Fall Gardening Tips and Resources
Don't stop gardening yet!
October 6, 2021
Fall is a great time to do some very important work in your garden. This is a prime season to improve your soil, get ahead of weeds and set up wildlife resources in the landscape. Give us a call to discuss personal priorities and let us help you get your garden set up for the winter.
- Amend soil – adding compost to your landscape will help protect your soil and plant roots this winter. Compost can add micro-organisms that help provide nutrients to your plants, increase water holding capacity in sandy soil and break up clay soil.
- Mulch your garden beds – adding mulch, a layer of organic material to the surface of the soil around your plants, can help protect your soil from loss of nutrients, modify soil temperatures keeping them warmer through the winter, and keep weeds down this fall and in the spring.
- Tidy up, but not too much! Trim out some dead leaves and stems on your shrubs and perennials but leave some seeded flowerheads on your Echinacea and Rudbeckia to feed the birds in the snow this winter. Leave hollow tubed stems intact in case native bees are quietly nested in them. Learn where the wildlife lives in your garden.

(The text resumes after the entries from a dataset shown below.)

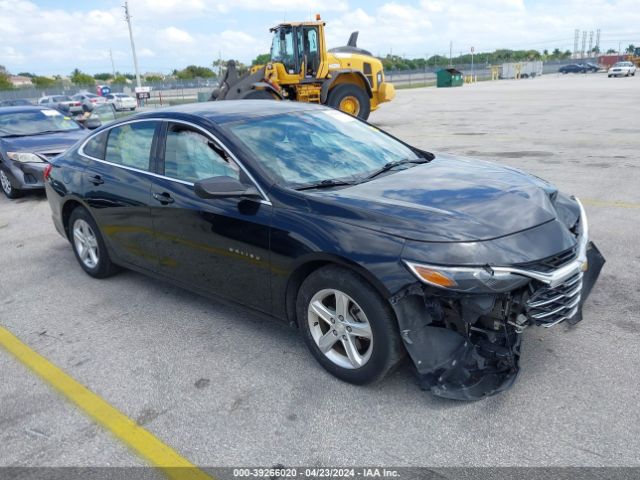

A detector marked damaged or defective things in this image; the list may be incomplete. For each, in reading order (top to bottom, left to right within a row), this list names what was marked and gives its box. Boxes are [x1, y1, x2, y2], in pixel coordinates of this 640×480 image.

crumpled hood [0, 128, 87, 155]
crumpled hood [304, 155, 560, 244]
broken headlight [402, 262, 528, 292]
damaged front end [396, 199, 604, 402]
front bumper damage [396, 240, 604, 402]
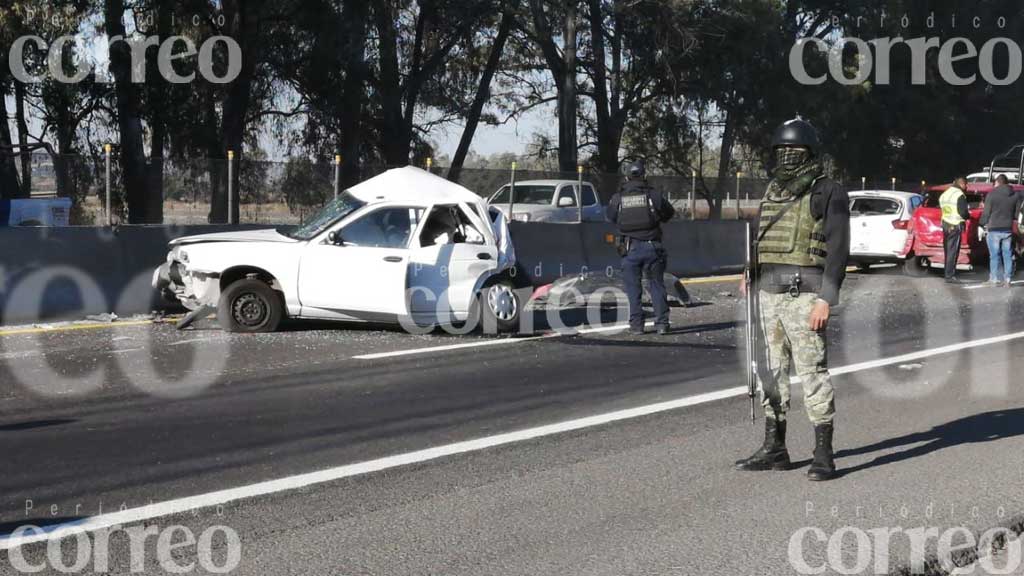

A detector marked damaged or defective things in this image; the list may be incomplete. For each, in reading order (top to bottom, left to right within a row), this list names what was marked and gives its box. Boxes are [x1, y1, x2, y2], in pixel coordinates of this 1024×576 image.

crumpled hood [170, 227, 298, 245]
shattered windshield [284, 191, 368, 241]
wrecked white car [156, 168, 524, 332]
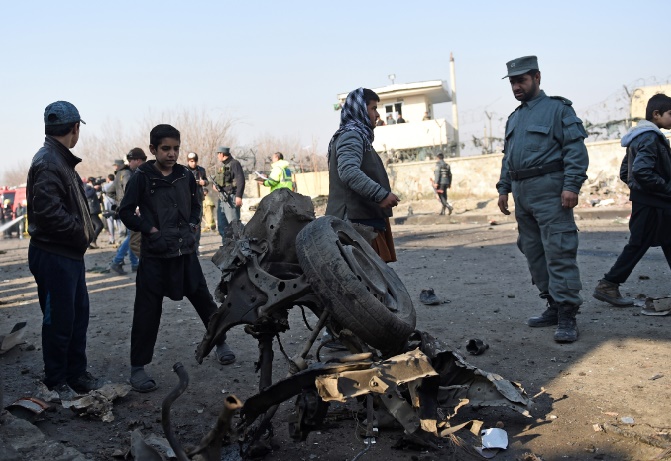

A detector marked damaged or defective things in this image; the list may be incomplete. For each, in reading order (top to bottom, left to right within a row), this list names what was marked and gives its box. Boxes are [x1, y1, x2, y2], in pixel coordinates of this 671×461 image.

burnt car tire [298, 214, 414, 350]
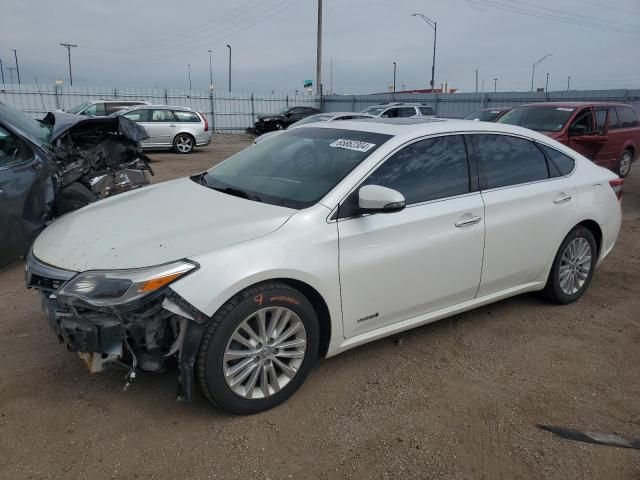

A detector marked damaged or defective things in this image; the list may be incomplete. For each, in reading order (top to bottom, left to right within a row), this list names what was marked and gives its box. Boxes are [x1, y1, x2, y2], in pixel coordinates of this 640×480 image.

dark damaged car [0, 102, 152, 264]
damaged gray car [0, 102, 152, 266]
crumpled front end [26, 251, 206, 402]
damaged front bumper [25, 253, 208, 404]
broken headlight [55, 260, 198, 306]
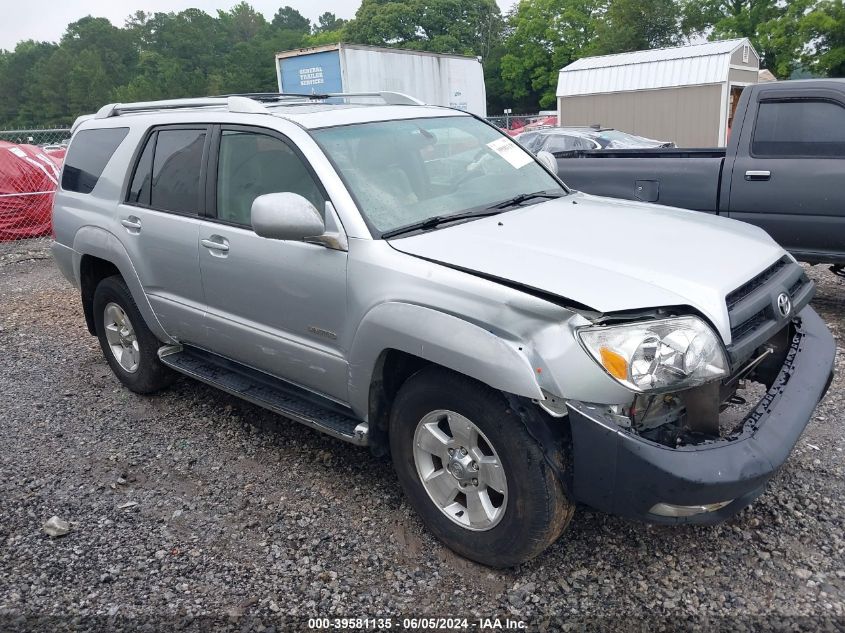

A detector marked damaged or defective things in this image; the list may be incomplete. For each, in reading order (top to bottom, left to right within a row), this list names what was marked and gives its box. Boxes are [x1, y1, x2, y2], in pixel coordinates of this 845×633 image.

damaged front bumper [564, 306, 836, 524]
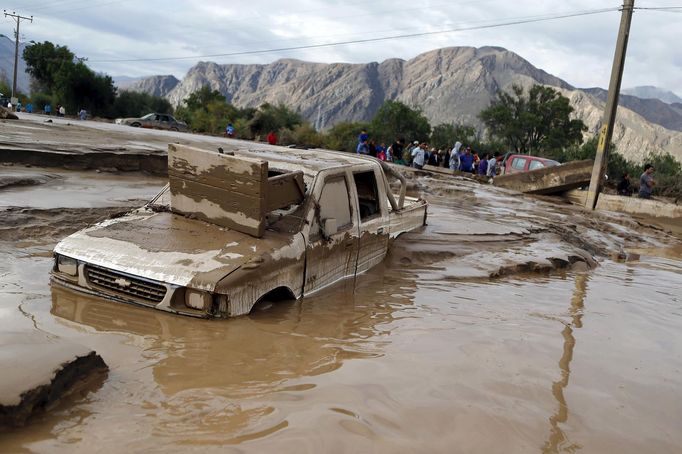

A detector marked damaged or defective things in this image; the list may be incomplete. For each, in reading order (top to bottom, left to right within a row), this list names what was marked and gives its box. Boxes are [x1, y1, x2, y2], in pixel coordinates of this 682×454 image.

flood damage [1, 118, 680, 454]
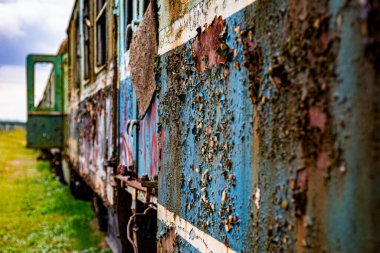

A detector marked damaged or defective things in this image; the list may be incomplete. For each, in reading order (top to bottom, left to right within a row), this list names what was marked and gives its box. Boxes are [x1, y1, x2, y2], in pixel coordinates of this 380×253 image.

rust patch [131, 2, 159, 118]
rust patch [191, 16, 227, 72]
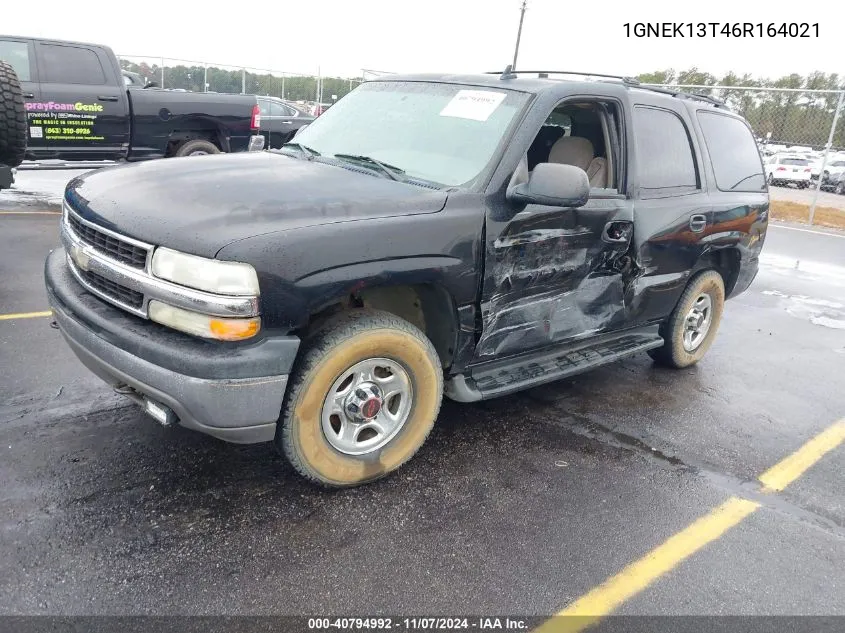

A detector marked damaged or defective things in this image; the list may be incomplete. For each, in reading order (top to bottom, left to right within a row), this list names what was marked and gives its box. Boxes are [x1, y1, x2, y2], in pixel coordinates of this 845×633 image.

- Plant native plants and other plants good for wildlife. The boost you get from local fauna visiting your garden is invaluable. Encourage them by adding plants that provide shelter, offer food through different seasons, and provide nesting sites and materials. Remember to cater to beneficial insects and native pollinators too It’s a win win project.
- Rake leaves off the lawn and use in your garden beds as mulch. Sure, you can recycle them into compost, which is great, but they are absolute gold for your soil so consider keeping what you can. You can bag them up in plastic bags and store them for the winter to use as stock for a compost bin, bedding for a worm bin, or as leaf mulch in your spring beds. Recycle any leaves that may have animal droppings or street debris in them in the curbside compost bin.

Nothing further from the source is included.